On a neurobiological (brain) level there is growing evidence of a persistent dysregulation in the HPA Axis stress response. Instead of returning to a baseline level of physiologic arousal, PTSD leaves the body-mind in a tense state of hypervigilance and hypofunctioning. To be stuck in a physical and emotional state of “fight or flight” is essentially hell on earth and somewhat similar to what it feels like to be having panic attacks and high anxiety 24/7. Unlike previous models explaining the normative stages of grief, loss, and recovery, ie. Kubler-Ross, etc., those with PTSD are often unable to reconcile conflicting thoughts and feelings about their traumatic experience(s)and have not managed to achieve a final state of acceptance.
Life-threatening and/or life-altering events of this magnitude may also lead to a co-existing moral or spiritual injury. This may include a loss of religious “faith” or abandonment of ones former instrumental values and spiritual principles such as a belief in God, karma, justice or a higher power. Again, the injury to the mind-body is accompanied by trauma-induced changes in self-supporting beliefs about life, death, and oneself. Such core values have either been proven wrong by the trauma experience or challenged over time to the point of one no longer trusting life to be comprehensible, manageable, or meaningful. Issues related to anger, trust, shame, forgiveness, intimacy, love and sexuality are often negatively impacted. Extreme negative thinking, an external locus of control and pessimistic and/or fatalistic thoughts can lead to the formation of an overly “negative mind” or a kind of “confirmed negative condition” in which subsequent life events and experiences are either misconstrued as highly negative or perceived as aversive and therefore avoided at all cost.

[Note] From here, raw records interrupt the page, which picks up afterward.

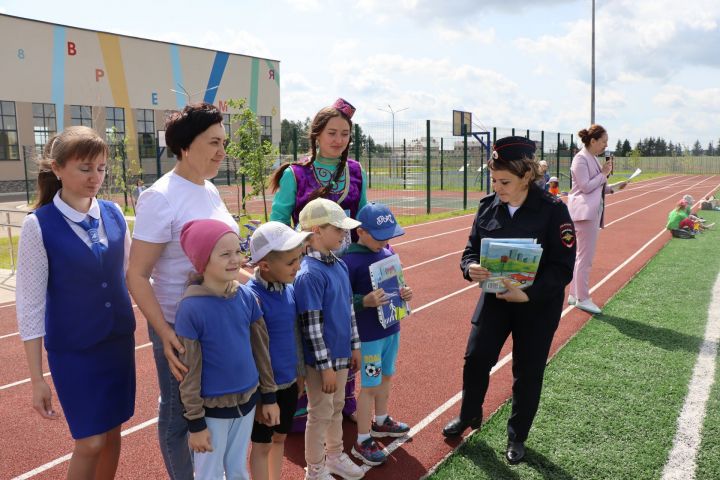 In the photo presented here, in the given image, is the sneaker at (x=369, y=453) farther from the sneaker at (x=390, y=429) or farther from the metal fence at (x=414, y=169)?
the metal fence at (x=414, y=169)

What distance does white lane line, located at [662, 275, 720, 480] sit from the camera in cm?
349

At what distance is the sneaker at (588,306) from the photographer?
6.92m

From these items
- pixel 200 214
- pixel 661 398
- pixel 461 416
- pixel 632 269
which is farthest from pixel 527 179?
pixel 632 269

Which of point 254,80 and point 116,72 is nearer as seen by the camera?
point 116,72

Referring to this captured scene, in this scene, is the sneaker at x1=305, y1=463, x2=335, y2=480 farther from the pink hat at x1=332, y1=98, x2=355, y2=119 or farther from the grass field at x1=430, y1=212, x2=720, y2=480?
the pink hat at x1=332, y1=98, x2=355, y2=119

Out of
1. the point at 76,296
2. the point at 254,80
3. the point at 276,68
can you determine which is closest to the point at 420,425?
Answer: the point at 76,296

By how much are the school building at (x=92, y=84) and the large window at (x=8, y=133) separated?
57 mm

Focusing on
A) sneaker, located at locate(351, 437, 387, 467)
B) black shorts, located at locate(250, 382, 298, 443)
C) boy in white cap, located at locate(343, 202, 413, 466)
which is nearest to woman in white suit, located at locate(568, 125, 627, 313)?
boy in white cap, located at locate(343, 202, 413, 466)

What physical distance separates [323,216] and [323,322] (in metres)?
0.58

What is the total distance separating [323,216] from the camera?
9.93 ft

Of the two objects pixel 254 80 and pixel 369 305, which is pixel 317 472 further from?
pixel 254 80

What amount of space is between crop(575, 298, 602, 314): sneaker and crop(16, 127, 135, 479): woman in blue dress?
230 inches

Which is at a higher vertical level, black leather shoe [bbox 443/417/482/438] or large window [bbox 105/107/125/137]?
large window [bbox 105/107/125/137]

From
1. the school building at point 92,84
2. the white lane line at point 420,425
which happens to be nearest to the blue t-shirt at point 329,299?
the white lane line at point 420,425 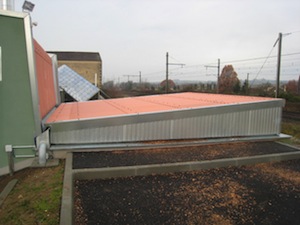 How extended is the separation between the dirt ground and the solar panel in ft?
53.6

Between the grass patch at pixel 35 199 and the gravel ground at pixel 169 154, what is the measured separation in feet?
2.40

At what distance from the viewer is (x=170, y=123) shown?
284 inches

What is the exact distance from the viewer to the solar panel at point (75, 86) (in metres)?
20.3

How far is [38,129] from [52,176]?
1535 millimetres

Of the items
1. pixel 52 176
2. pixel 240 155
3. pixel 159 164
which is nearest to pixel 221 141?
pixel 240 155

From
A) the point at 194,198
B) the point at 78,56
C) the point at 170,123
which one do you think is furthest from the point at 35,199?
the point at 78,56

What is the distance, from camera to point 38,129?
600cm

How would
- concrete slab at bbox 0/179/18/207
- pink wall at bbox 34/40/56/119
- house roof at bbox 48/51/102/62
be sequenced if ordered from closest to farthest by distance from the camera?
concrete slab at bbox 0/179/18/207, pink wall at bbox 34/40/56/119, house roof at bbox 48/51/102/62

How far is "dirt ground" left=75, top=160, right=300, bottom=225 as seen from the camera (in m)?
3.64

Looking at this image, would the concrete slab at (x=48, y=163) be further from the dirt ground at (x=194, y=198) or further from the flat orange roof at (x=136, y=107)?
the dirt ground at (x=194, y=198)

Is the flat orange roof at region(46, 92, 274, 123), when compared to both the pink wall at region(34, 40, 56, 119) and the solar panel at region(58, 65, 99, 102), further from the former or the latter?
the solar panel at region(58, 65, 99, 102)

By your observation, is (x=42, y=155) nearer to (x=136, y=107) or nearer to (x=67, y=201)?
(x=67, y=201)

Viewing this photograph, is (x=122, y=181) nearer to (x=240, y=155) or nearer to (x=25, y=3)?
(x=240, y=155)

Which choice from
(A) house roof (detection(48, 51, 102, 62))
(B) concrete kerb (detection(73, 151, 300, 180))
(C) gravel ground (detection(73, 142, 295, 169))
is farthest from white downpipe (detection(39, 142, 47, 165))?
(A) house roof (detection(48, 51, 102, 62)) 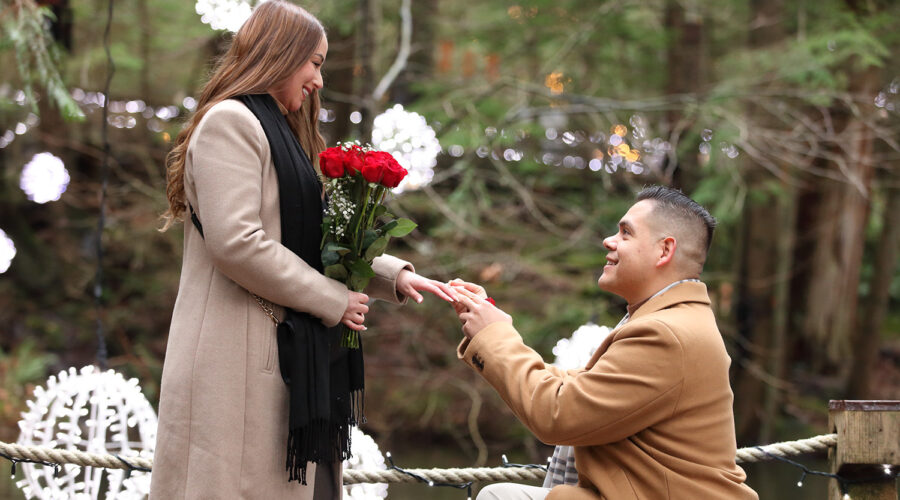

Complex PTSD involves repeated trauma, neglect and abuse (physical, mental,emotional, or sexual) often beginning in childhood. Both PTSD and Complex PTSD are further reinforced by feelings of self-blame and shame associated with their trauma. Concomitant social alienation, sense of betrayal or abandonment by primary caregivers, life partners, authority figures, and professional services, ie., parents/family, the VA, the government, etc. add to the severity of PTSD and it’s duration by increasing the loss of needed external support and decreasing the internal dimensions of coping and coherence needed for recovery. It’s obvious to me that a treatment approach relying purely on pharmacological intervention in the form of over prescribed barbituates, sleeping pills, opiates, and sedating benzodiazapines, etc. are doing these brave PTSD survivors and war veterans a tremendous disservice and more likely just adding to the trauma they feel by furthering their personal sense of physical and mental dis-integration. Trapped in such a horrific state of fragmentation, those with PTSD often are left expressing a single common sentiment, “You just dont understand!” They’re absolutely right. We don’t and we need to do much better.